_What to do:_
Repeat the lines below exactly as they appear, but leave out the images.

_Raw data:_
┌────────

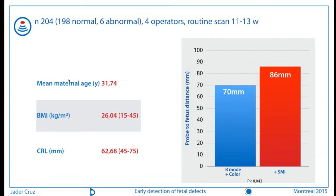Some characteristics of our study population: mean maternal age is about 31 years, mean BMI in Portugal is about 26, and mean CRL is about 62mm. During the study we measured the distance between the probe and the baby's heart. When we could see all specified features with B-mode and color Doppler, the mean probe-to-heart distance was about 70mm. When we include SMI, this distance increases to about 86mm. So we can assume that SMI not only helps you see the heart better, but also helps you see deeper even when B-mode and color mode don't help as much.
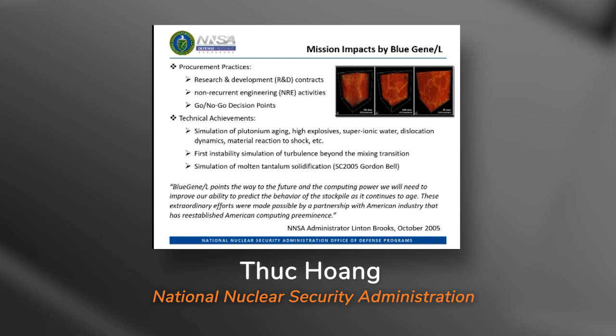With regards to technical impacts, Blue Gene/L's three-year reign as the world's fastest supercomputer enabled significant progress in ASC code development and achievement of numerous milestones for NNSA's stockpile stewardship program. In conclusion, I would like to repeat what the then-NNSA administrator said at the October 27, 2005 dedication: Blue Gene/L points the way to the future and the computing power we will need to improve our ability to predict the behavior of the stockpile as it continues to age. These extraordinary efforts were made possible by a partnership with American industry that has established American computing preeminence.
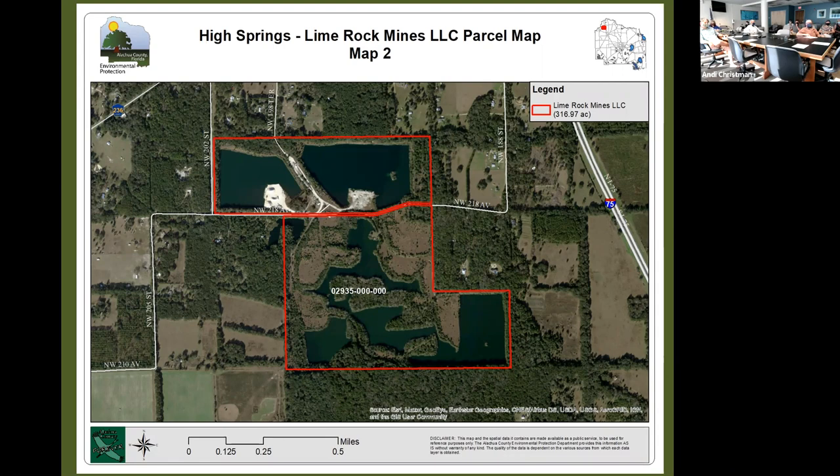That concludes the site evaluation presentation. The site scored a 4 out of 5 for the development review, so it is perceived to have some developability despite its rural location — primarily because of the unique feature of those quarry lakes and the development potential they might provide.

└────────

_Result below:_
Some characteristics of our study population: mean maternal age is about 31 years, mean BMI in Portugal is about 26, and mean CRL is about 62mm. During the study we measured the distance between the probe and the baby's heart. When we could see all specified features with B-mode and color Doppler, the mean probe-to-heart distance was about 70mm. When we include SMI, this distance increases to about 86mm. So we can assume that SMI not only helps you see the heart better, but also helps you see deeper even when B-mode and color mode don't help as much.
With regards to technical impacts, Blue Gene/L's three-year reign as the world's fastest supercomputer enabled significant progress in ASC code development and achievement of numerous milestones for NNSA's stockpile stewardship program. In conclusion, I would like to repeat what the then-NNSA administrator said at the October 27, 2005 dedication: Blue Gene/L points the way to the future and the computing power we will need to improve our ability to predict the behavior of the stockpile as it continues to age. These extraordinary efforts were made possible by a partnership with American industry that has established American computing preeminence.
That concludes the site evaluation presentation. The site scored a 4 out of 5 for the development review, so it is perceived to have some developability despite its rural location — primarily because of the unique feature of those quarry lakes and the development potential they might provide.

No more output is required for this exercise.